### Goal of the exercise:
No line before the one holding "Green leaves" is to be copied; that line and all after it, through the end of the listing, are returned exactly, minus pictures.

Material supplied Block Start

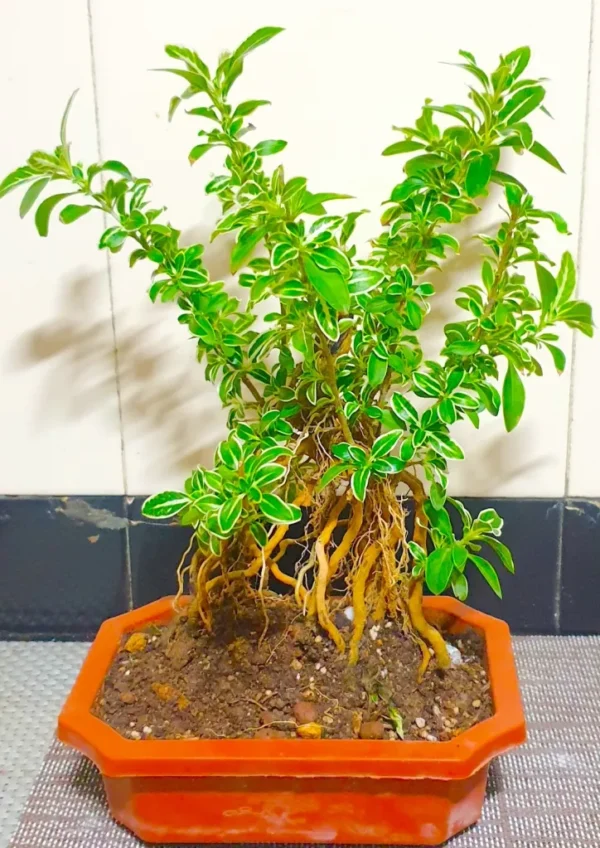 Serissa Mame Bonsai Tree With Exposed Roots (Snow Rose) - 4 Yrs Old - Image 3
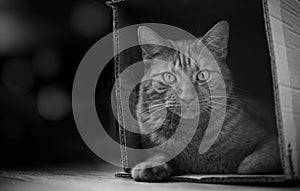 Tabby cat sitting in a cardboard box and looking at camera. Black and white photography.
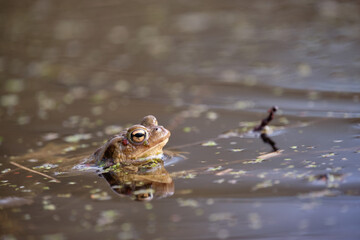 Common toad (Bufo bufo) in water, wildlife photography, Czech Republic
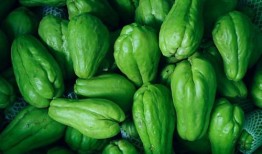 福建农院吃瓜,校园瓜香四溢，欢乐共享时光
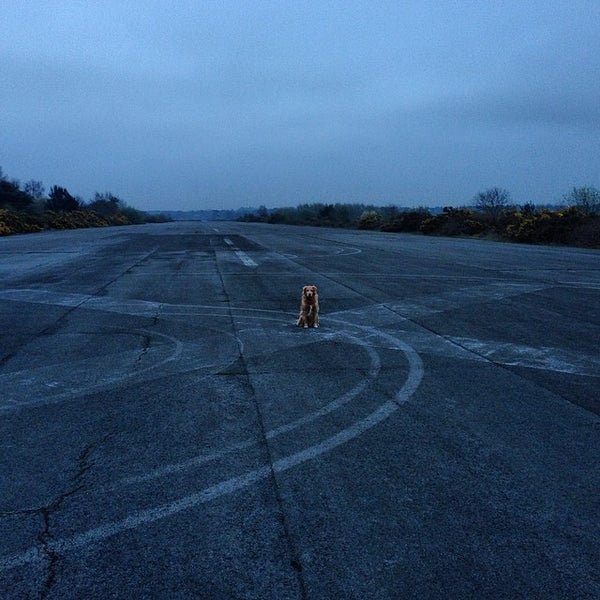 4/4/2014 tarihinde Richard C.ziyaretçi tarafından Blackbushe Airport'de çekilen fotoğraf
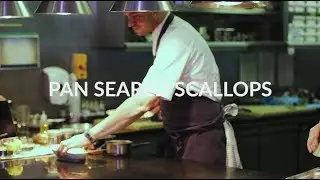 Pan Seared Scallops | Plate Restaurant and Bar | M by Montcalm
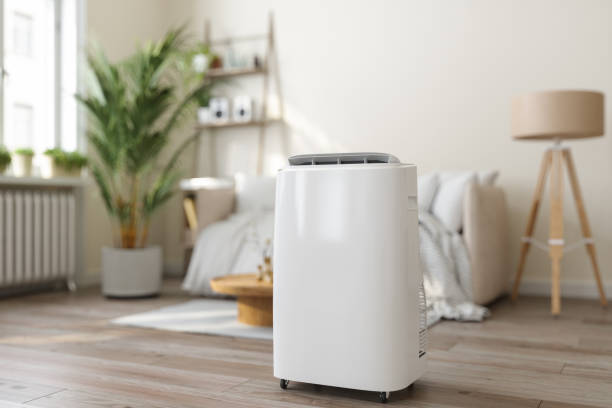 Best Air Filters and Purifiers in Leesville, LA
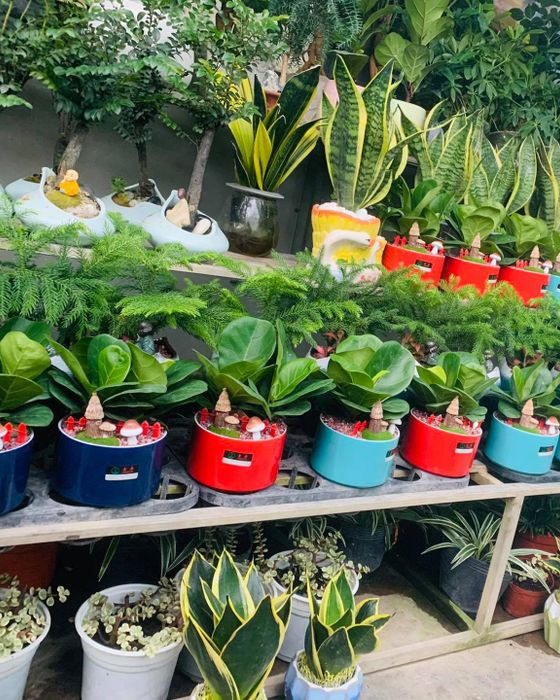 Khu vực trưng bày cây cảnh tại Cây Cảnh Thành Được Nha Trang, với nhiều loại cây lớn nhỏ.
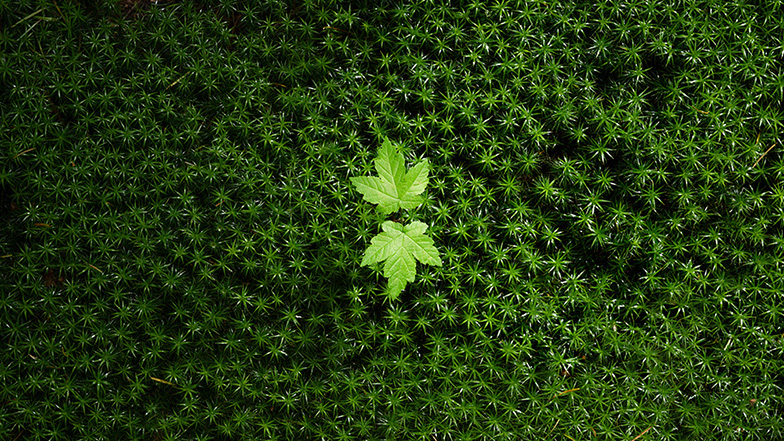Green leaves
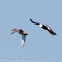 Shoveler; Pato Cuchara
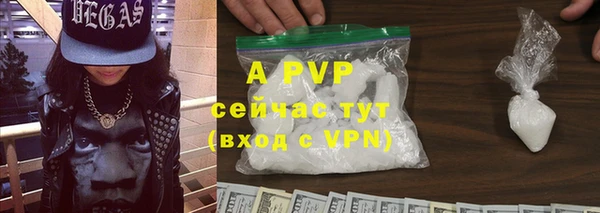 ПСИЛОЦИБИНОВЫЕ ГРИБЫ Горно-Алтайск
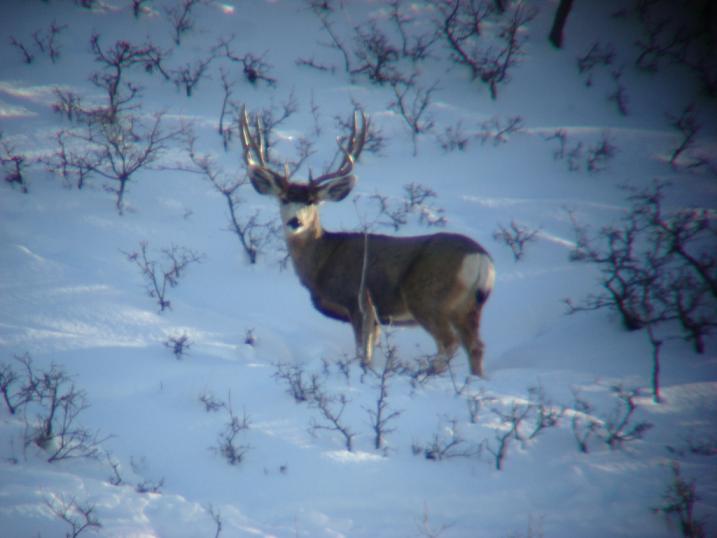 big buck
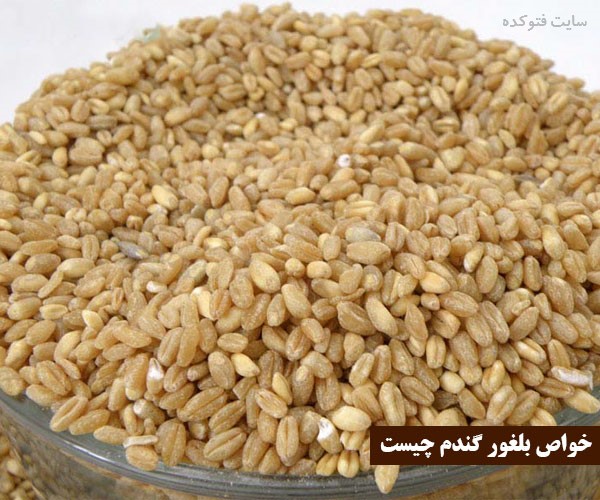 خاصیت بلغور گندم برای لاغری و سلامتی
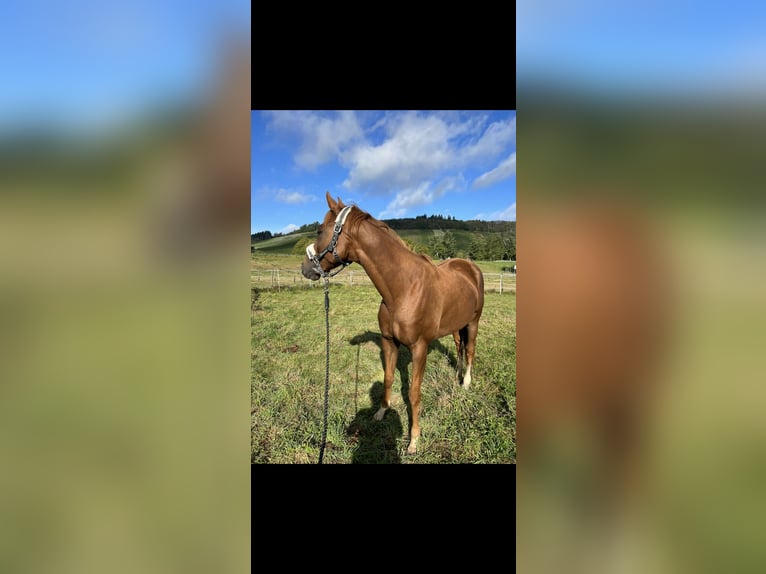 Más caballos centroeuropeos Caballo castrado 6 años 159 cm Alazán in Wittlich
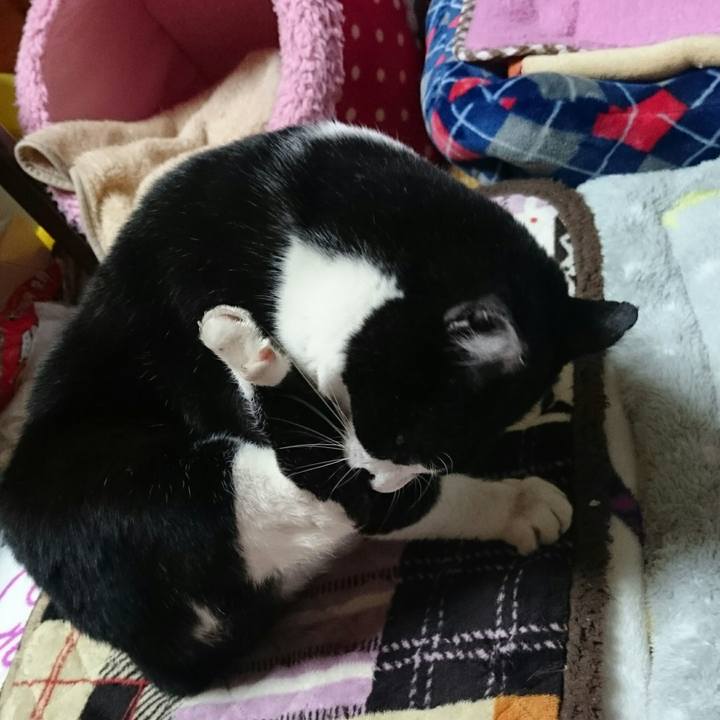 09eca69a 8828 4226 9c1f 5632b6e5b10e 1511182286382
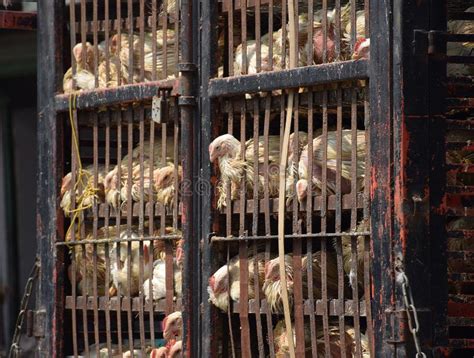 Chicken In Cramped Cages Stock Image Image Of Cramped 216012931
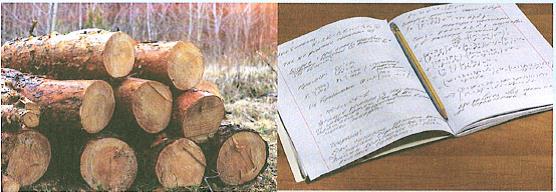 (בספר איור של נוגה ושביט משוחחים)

Material supplied Block End

### Reply to the exercise:
Green leaves
 Shoveler; Pato Cuchara
 ПСИЛОЦИБИНОВЫЕ ГРИБЫ Горно-Алтайск
 big buck
 خاصیت بلغور گندم برای لاغری و سلامتی
 Más caballos centroeuropeos Caballo castrado 6 años 159 cm Alazán in Wittlich
 09eca69a 8828 4226 9c1f 5632b6e5b10e 1511182286382
 Chicken In Cramped Cages Stock Image Image Of Cramped 216012931
 (בספר איור של נוגה ושביט משוחחים)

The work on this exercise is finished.